I didn't look back again.

The road east stretched wide, cracked and worn from years of war wagons and merchant caravans. But now it felt empty. Too empty. The kind of silence that makes you check over your shoulder every mile, just to be sure no masked figure is stalking you from the treeline.

The pack at my side felt heavier with each step. Inside it, wrapped in cloth, was the black stone tablet I'd pulled from the cultists. Even through the fabric, I could feel its presence. It was like carrying a heartbeat that wasn't mine, steady and relentless. Once in a while, if I let my mind wander, I swore I could hear the faintest scrape of words just beyond hearing.

Hermaeus Mora.

I adjusted the straps and forced my eyes back to the road.

By midday, I stopped on a rise overlooking the Karth River. The view was wide—mountains rising like jagged teeth, forests bending in the wind, clouds dragging shadows across the ground. It should've been beautiful, but all I saw were hiding places.

I pulled out the dried bread Aldia had given me, chewing without tasting. I remembered the inn back in Solitude, the warm food, the laughter from Endarie when she'd teased her sister. That felt like another world now. And maybe it was. I wasn't from here.

That thought dug deeper than I wanted to admit. Back home, in my world, roads like this didn't exist. No dragons overhead. No gods whispering through stone tablets. Just highways, phone signals, and glowing screens to drown out the silence.

Now, silence was all I had.

I caught myself clutching the amulet at my chest again. Taarie's gift. It radiated warmth, a reminder of a promise that seemed so small compared to what was looming. Yet it kept me moving. That, and the image of Miraak's masked followers burning villages in the night.

The second night on the road, I shared a campfire with a pair of hunters.

They looked rough—furs patched with old stitches, bows worn from years of use—but they welcomed me with nods. The older one, a woman with streaks of gray in her braids, passed me a skin of mead.

"Not many travelers out these days," she said. "Too many bandits. Too many shadows."

"Shadows?" I asked.

She spat into the fire. "Cultists. Damn things crawling all over Skyrim now. Used to be the Stormcloaks we worried about. Now it's masked lunatics screaming about some old dragon priest."

Her companion grunted. "World's never quiet long."

I didn't answer.

The hunters didn't press. They told me about a bear den near the river, about rumors of an Imperial patrol gone missing on the road to Windhelm. They didn't talk about the Civil War much—maybe it was too close, too raw. Or maybe everyone was too tired to care anymore.

When I lay down that night, staring at the stars, I realized something that chilled me more than the wind: the hunters hadn't spoken Ulfric's name once. Not to curse him, not to mourn him. Just silence. Like the war had ended, and he'd been buried with it.

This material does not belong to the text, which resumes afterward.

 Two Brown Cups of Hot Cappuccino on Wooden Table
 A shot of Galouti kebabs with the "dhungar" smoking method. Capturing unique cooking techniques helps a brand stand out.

And maybe, in a way, he had.

On the fourth day, the road bent close to the sea. Salt air mixed with pine, sharp in my lungs. I dismounted and walked along the edge of the cliffs, looking out at the gray waters.

That was when I saw them.

Three figures, walking single file along the rocks below. Black robes. White masks.

My chest tightened.

They didn't look up. They didn't need to. Somehow, I knew they already knew I was there. The lead one paused, head tilting slowly as if sniffing the air. Then, without a word, they kept walking east, vanishing behind the curve of stone.

I stood frozen long after they were gone, sweat cold against my back.

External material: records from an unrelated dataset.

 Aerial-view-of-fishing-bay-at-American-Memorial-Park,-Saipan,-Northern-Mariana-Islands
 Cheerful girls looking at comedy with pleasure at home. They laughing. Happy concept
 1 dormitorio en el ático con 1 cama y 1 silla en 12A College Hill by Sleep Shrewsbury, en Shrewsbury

I wanted to follow. Wanted to cut them down before they found another village. But my feet stayed rooted. The memory of Dragon Bridge burned too clear. I wasn't ready for another massacre. Not alone.

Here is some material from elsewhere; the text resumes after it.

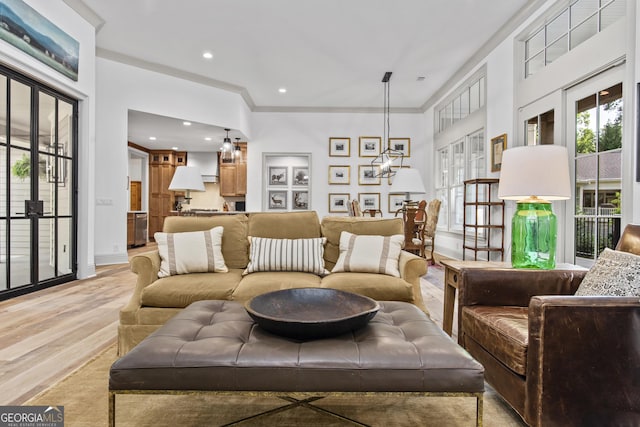 living room featuring crown molding, french doors, light hardwood / wood-style floors, and an inviting chandelier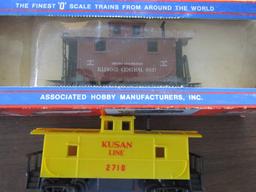 AHM 7306D Illinois Central Caboose and Kusan Line 2710 Caboose, O gauge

Instead, I mounted up and pressed on.

By the time the spires of Solitude were just a faint shadow on the horizon behind me, I knew there was no turning back.

This road was pulling me deeper, toward Windhelm, toward Miraak, toward something I wasn't sure I was ready to face.

But if the cultists already knew my name—if Hermaeus Mora already had his eye on me—then maybe it didn't matter what I was ready for.

The only choice left was to keep moving.

And pray that when I reached the end of this road, I'd still be myself.